A few weeks ago I wrote about some strange things we had seen occurring with mandatory profiles. We had twice witnessed the scenario of an improperly configured mandatory profile causing user policies to fail or terminate prematurely. Naturally, I concluded this must be a scenario specific to man profiles. Well, I was wrong. Today I had it happen with just an ordinary user with their own roaming profile on the server. There's a chain of events, which goes like this:
- A user leaves the employ of our enterprise, and her computer is taken over by another staff member who doesn't have their own login account.
- Logically, the departing user's account is simply renamed to be the new user. But this causes folder redirection policy to fail. Microsoft claims this was first fixed in SP2 - the version the computer is running.
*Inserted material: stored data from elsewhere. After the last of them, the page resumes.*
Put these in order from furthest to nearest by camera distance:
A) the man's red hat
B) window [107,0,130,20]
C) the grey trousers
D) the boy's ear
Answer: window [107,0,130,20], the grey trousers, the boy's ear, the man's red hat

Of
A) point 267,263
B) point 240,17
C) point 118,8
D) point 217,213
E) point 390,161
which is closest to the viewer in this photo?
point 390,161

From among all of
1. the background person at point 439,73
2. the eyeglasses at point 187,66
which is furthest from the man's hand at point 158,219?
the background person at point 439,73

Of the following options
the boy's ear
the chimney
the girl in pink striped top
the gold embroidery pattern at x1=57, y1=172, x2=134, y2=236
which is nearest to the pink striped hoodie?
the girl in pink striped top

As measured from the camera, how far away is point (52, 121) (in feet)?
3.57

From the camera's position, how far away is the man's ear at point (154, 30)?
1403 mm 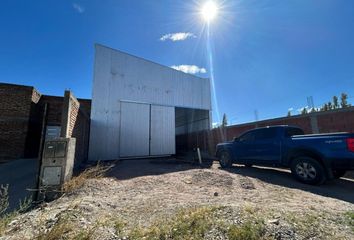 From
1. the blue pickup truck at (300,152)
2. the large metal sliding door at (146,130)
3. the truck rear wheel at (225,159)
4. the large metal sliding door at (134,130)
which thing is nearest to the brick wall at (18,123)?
the large metal sliding door at (134,130)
- To cut a long story short, I decide to drop the user account and create a new one. Windows then refuses to load their profile from the existing folder, despite having full control, because the ownership is set wrongly.
- I reset the ownership of the profile folder and all subfolders and files from "Account unknown" to "Administrators".
- At next logon, Windows pretends to load the profile, but user policies are incomplete - as shown by the apparent non execution of the login script resulting in no drive letter mappings. The user's start menu also has no program shortcuts on the left hand side, including Internet and Email.
- Eventually I dropped the profile and created a new one, result: problem solved.
Is there a pattern to this? You bet there is. One of the most annoying repetitive problems we have had is with our existing users that we migrated from our Samba system to Active Directory at the beginning of this year. We had Windows create new profiles for them, and then some of the data from their previous profile was merged into the new one (e.g. My Documents). The most consistent problem that these users have experienced is, you guessed it - incomplete user policy application - often expressed through login scripts not running or not finishing.
Another nasty little surprise to watch out for when you rename a user is, even though you can change the name of their profile folder on the server, Outlook keeps using the old local path for its data files. This is because Outlook's file paths are hardcoded rather than using a variable name as the Registry does.